I read the editor’s piece in the Northants Telegraph last week with great interest.
Because I too was an avid collector of Panini stickers when the World Cup or European Championships came around in my younger years.
I remember meticulously filling in the gaps in my Mexico ’86 sticker book, always gutted if one of them went slightly askew of the given border.
I collected Voller, Socrates, Laudrup, Maradona and of course the England team – including the tournament’s top scorer, Gary Lineker.
I always squealed with delight (I was six years old...) when I got a foily.
A foily was invariably the flag of the nation or the emblem of their football association but as the ‘didn’t-it-always-used-to-be-sunny-in-the-summer’ sun made it shine as I unwrapped the packet I knew I’d struck gold.
Well, foil, but you get my point.
I completed my collection for Italia 90, USA 94 and, of course, Euro 96, but by the time France 98 came along I was far too cool for stickers and the only Panini that I would buy was one stuffed with brie and bacon.

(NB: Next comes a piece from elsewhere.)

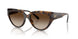300613 - Tortoise - Smoke Gradient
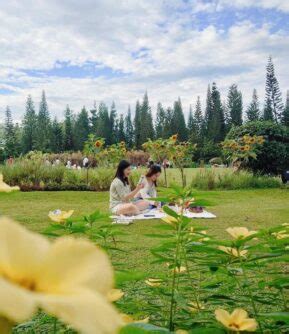 Taman Saujana Hijau: A Sprawling Park With Flower Fields In Putrajaya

Secretly, though, I’ve always harboured a desire to join the “got... got... need” brigade again and now, ready to enjoy my eighth world cup, one tradition has remained.
The one thing I can’t enjoy a tournament without is my trusty World Cup wallchart.
I’m a stats man – I love numbers, lists, facts and figures and can’t think of anything more exciting during the World Cup than working out all of the permutations of how the groups will finish and who needs to score how many to make it through to the knock-out stage.
Every house I’ve lived in has little circles of off-colour paint on the wall where my chart was once held, its corners now dog-eared and its results a mere footnote in the history of the game.
The fact is, I love the World Cup, and I’ll be glued to every single game!